Task to complete → Every record needs to be set down again without a single difference.

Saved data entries
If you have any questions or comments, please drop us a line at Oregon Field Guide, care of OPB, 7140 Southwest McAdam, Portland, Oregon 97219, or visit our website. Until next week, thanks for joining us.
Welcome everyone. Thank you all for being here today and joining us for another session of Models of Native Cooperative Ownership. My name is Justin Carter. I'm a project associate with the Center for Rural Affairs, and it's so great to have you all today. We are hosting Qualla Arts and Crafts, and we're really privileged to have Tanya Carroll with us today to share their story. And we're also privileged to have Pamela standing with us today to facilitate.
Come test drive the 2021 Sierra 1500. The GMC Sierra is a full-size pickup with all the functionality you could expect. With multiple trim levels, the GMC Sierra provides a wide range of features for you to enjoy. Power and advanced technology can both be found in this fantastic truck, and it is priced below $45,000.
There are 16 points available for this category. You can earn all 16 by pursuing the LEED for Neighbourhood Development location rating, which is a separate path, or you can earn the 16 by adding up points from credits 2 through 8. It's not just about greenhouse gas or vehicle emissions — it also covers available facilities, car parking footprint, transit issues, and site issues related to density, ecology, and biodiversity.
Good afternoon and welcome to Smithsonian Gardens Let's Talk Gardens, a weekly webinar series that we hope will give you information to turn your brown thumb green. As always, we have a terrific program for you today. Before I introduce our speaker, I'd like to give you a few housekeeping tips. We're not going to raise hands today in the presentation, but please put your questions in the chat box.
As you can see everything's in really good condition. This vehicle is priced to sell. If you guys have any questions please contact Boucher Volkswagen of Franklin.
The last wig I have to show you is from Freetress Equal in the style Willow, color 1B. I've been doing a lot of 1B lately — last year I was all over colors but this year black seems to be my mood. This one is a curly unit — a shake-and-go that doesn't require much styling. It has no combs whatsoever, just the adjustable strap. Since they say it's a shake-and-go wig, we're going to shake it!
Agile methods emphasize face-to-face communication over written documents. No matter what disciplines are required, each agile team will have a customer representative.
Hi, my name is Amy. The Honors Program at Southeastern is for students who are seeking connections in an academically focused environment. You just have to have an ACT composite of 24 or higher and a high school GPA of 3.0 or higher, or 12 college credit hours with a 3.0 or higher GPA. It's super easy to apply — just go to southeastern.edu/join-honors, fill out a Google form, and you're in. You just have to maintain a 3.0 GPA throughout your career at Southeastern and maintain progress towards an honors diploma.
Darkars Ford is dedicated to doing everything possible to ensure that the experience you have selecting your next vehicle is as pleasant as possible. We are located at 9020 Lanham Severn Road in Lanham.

Response to the task →
If you have any questions or comments, please drop us a line at Oregon Field Guide, care of OPB, 7140 Southwest McAdam, Portland, Oregon 97219, or visit our website. Until next week, thanks for joining us.
Welcome everyone. Thank you all for being here today and joining us for another session of Models of Native Cooperative Ownership. My name is Justin Carter. I'm a project associate with the Center for Rural Affairs, and it's so great to have you all today. We are hosting Qualla Arts and Crafts, and we're really privileged to have Tanya Carroll with us today to share their story. And we're also privileged to have Pamela standing with us today to facilitate.
Come test drive the 2021 Sierra 1500. The GMC Sierra is a full-size pickup with all the functionality you could expect. With multiple trim levels, the GMC Sierra provides a wide range of features for you to enjoy. Power and advanced technology can both be found in this fantastic truck, and it is priced below $45,000.
There are 16 points available for this category. You can earn all 16 by pursuing the LEED for Neighbourhood Development location rating, which is a separate path, or you can earn the 16 by adding up points from credits 2 through 8. It's not just about greenhouse gas or vehicle emissions — it also covers available facilities, car parking footprint, transit issues, and site issues related to density, ecology, and biodiversity.
Good afternoon and welcome to Smithsonian Gardens Let's Talk Gardens, a weekly webinar series that we hope will give you information to turn your brown thumb green. As always, we have a terrific program for you today. Before I introduce our speaker, I'd like to give you a few housekeeping tips. We're not going to raise hands today in the presentation, but please put your questions in the chat box.
As you can see everything's in really good condition. This vehicle is priced to sell. If you guys have any questions please contact Boucher Volkswagen of Franklin.
The last wig I have to show you is from Freetress Equal in the style Willow, color 1B. I've been doing a lot of 1B lately — last year I was all over colors but this year black seems to be my mood. This one is a curly unit — a shake-and-go that doesn't require much styling. It has no combs whatsoever, just the adjustable strap. Since they say it's a shake-and-go wig, we're going to shake it!
Agile methods emphasize face-to-face communication over written documents. No matter what disciplines are required, each agile team will have a customer representative.
Hi, my name is Amy. The Honors Program at Southeastern is for students who are seeking connections in an academically focused environment. You just have to have an ACT composite of 24 or higher and a high school GPA of 3.0 or higher, or 12 college credit hours with a 3.0 or higher GPA. It's super easy to apply — just go to southeastern.edu/join-honors, fill out a Google form, and you're in. You just have to maintain a 3.0 GPA throughout your career at Southeastern and maintain progress towards an honors diploma.
Darkars Ford is dedicated to doing everything possible to ensure that the experience you have selecting your next vehicle is as pleasant as possible. We are located at 9020 Lanham Severn Road in Lanham.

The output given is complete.